WORK TO COMPLETE | Once the line holding "AJD Stunning Lapis" appears, repeat it and each line after it to the end of the data, exactly and with nothing else; pictures stay out.

Web page caption snippets |
--------------------------------

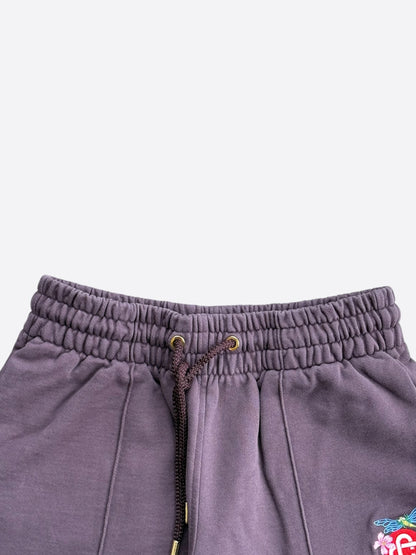 Casablanca Burgundy & Multicolor Embroidered Dragonfly Logo Sweatpants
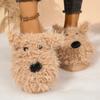 Cartoon Puppy Pluizige Bont Binnenslippers Dames Winter Dikke Bodem Bontzachte Mules Slippers Warm Pluche Huispantoffels voor Dames
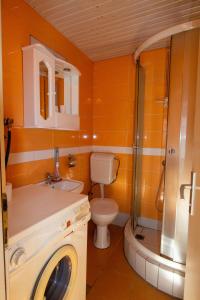 y baño con aseo, lavabo y ducha. en Villa In Apartments, en Ohrid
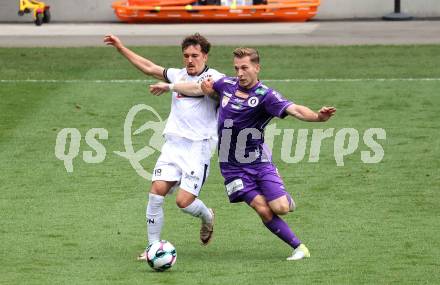 Fussball 2. Liga. SK Austria Klagenfurt gegen SW Bregenz. Marc Andre Schmerboeck    (Klagenfurt), Yannick Cotter   (Bregenz). Klagenfurt, 23.8.2025.
Foto: Kuess
www.qspictures.net
---
pressefotos, pressefotografie, kuess, qs, qspictures, sport, bild, bilder, bilddatenbank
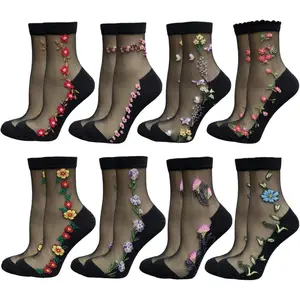 5Pairs Sheer Mesh Transparent Socks for Women Ultra-thin Lace Fishnet See Through Ankle Socks Novelty Casual Crew Socks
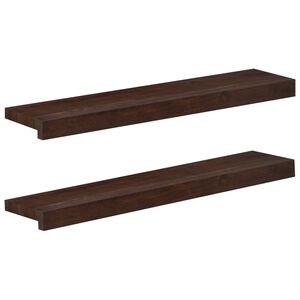 vidaXL Vinduplanker 2 stk. M&oslash;rk brun 70 x 15 x 2 cm Massiv b&oslash;ketre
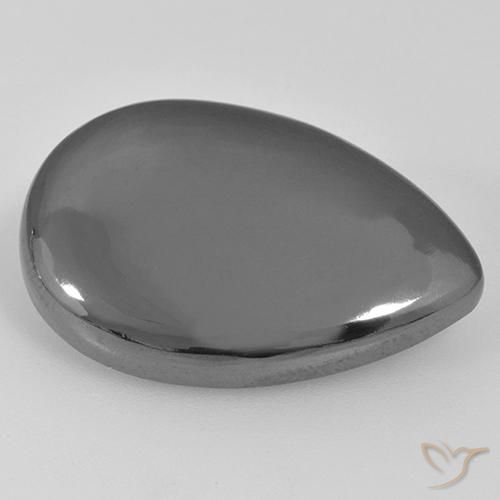 Ematite Grigio medio naturale da 28.79 ct, Forma a pera, Opaco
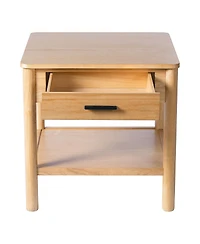 Streamdale Furniture Wood Side Table with Storage - Light Luxury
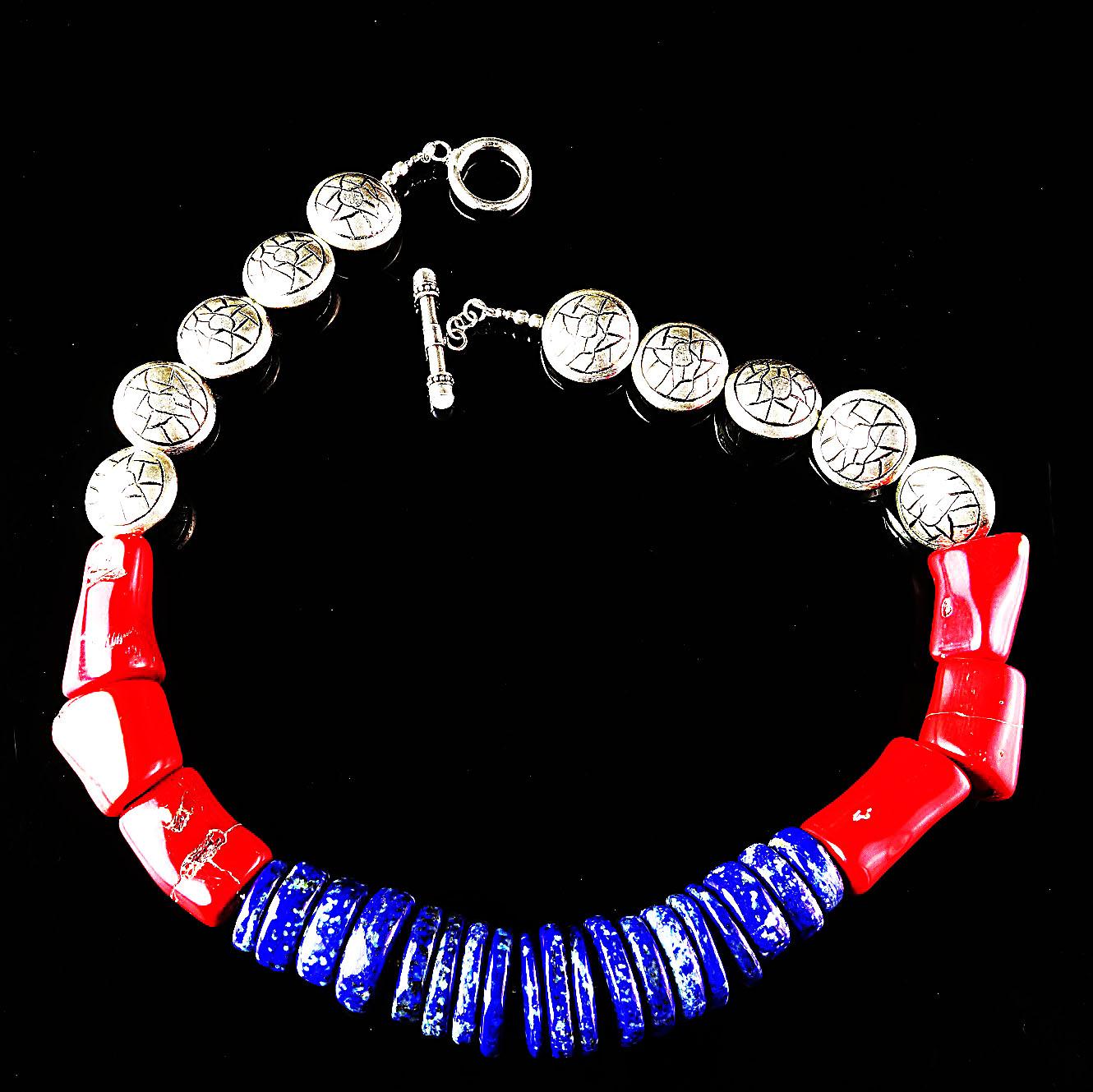 AJD Stunning Lapis Lazuli, Coral and Silver Necklace In New Condition In Raleigh, NC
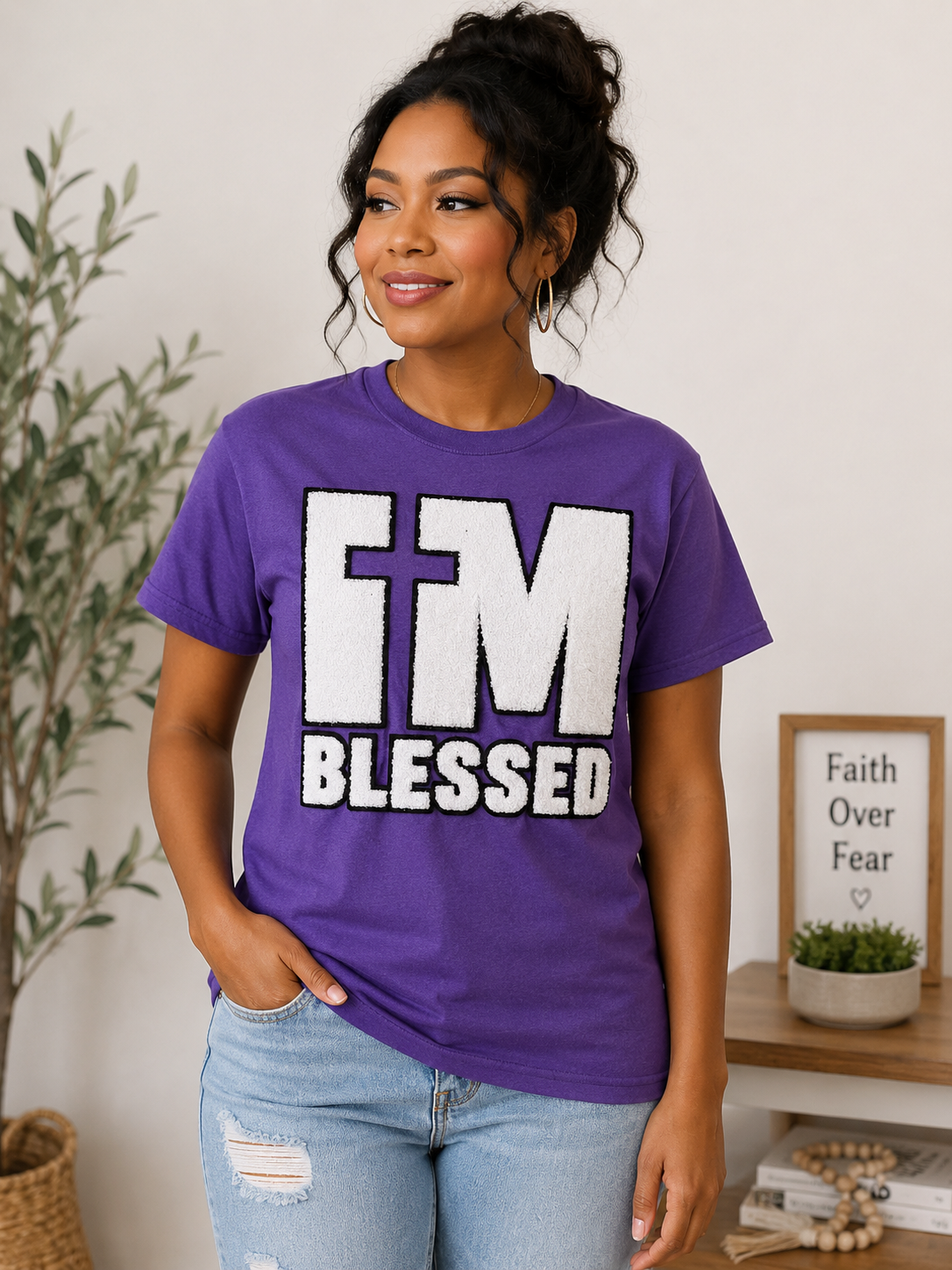 I’M Blessed Chenille Patch T-Shirt | Faith-Inspired Women's Graphic Tee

--------------------------------

TASK SOLUTION |
 AJD Stunning Lapis Lazuli, Coral and Silver Necklace In New Condition In Raleigh, NC
 I’M Blessed Chenille Patch T-Shirt | Faith-Inspired Women's Graphic Tee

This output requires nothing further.